- WORK INSTRUCTIONS -
The full listing is to be returned exactly as given, but without pictures.

- SUPPLIED INFORMATION -

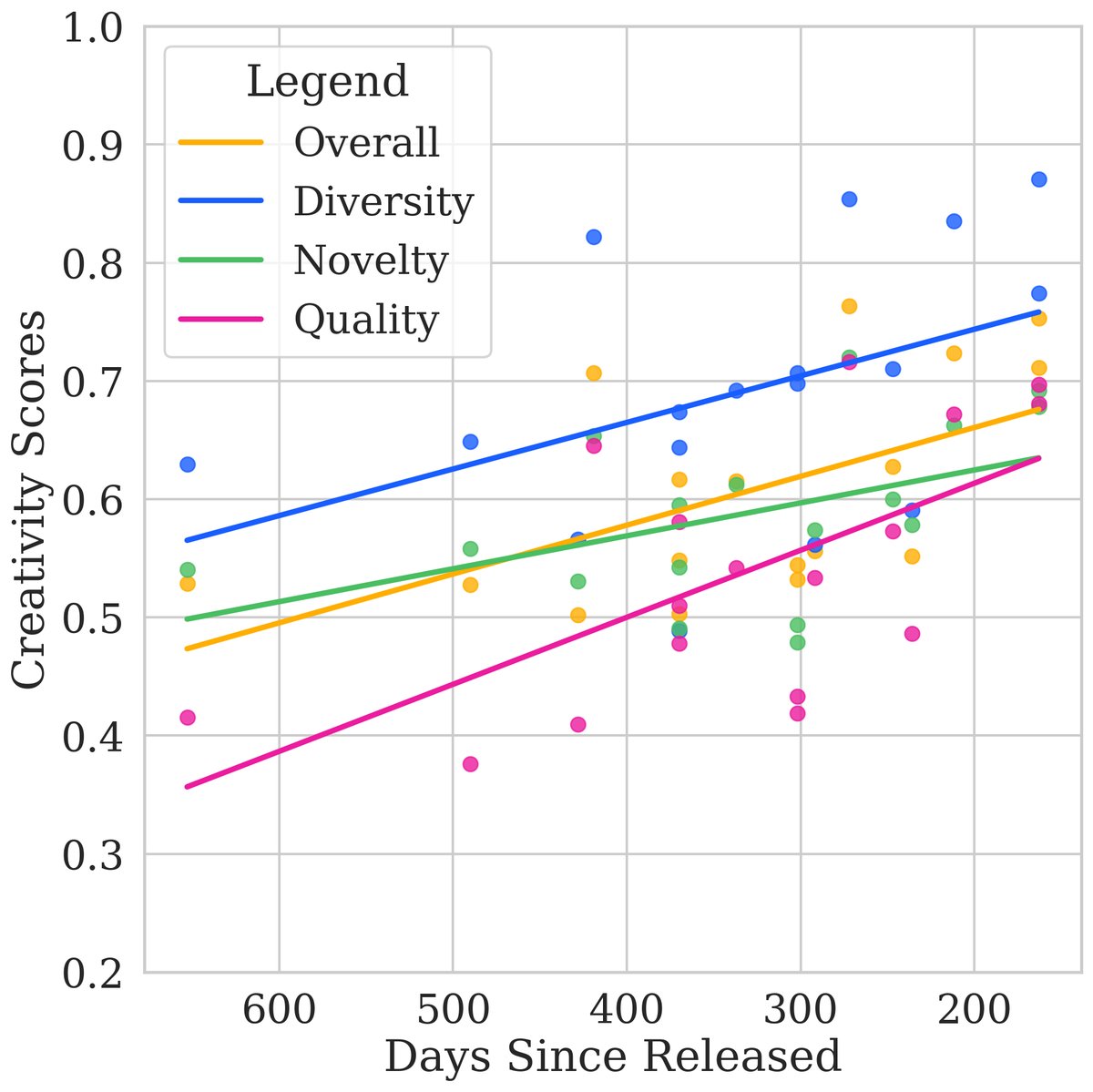 模型发布时间与性能关系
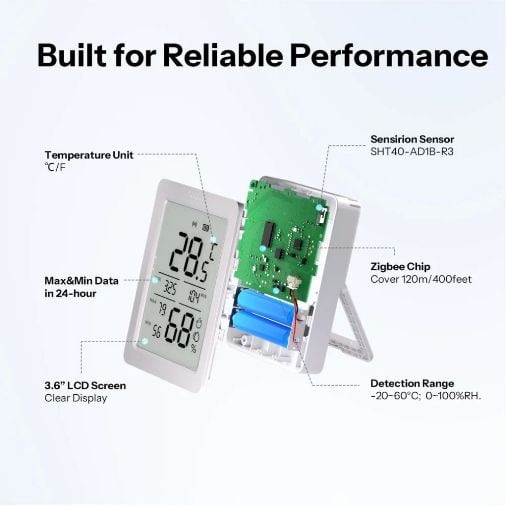 Εικόνα της Temperature &  Humidity Sensor Sonoff AirGuard TH 3.6'' LCD Zigbee SNZB-02DR2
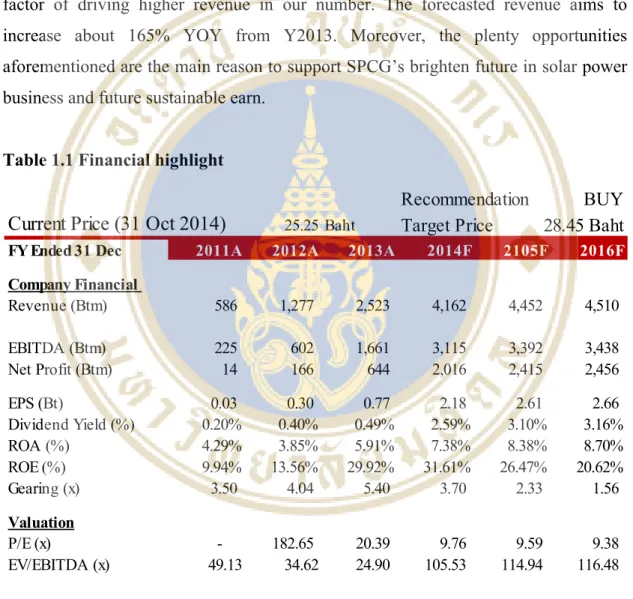 Table 1.1 Financial highlight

- RESULT FOR THIS EXERCISE -
 模型发布时间与性能关系
 Εικόνα της Temperature &  Humidity Sensor Sonoff AirGuard TH 3.6'' LCD Zigbee SNZB-02DR2
 Table 1.1 Financial highlight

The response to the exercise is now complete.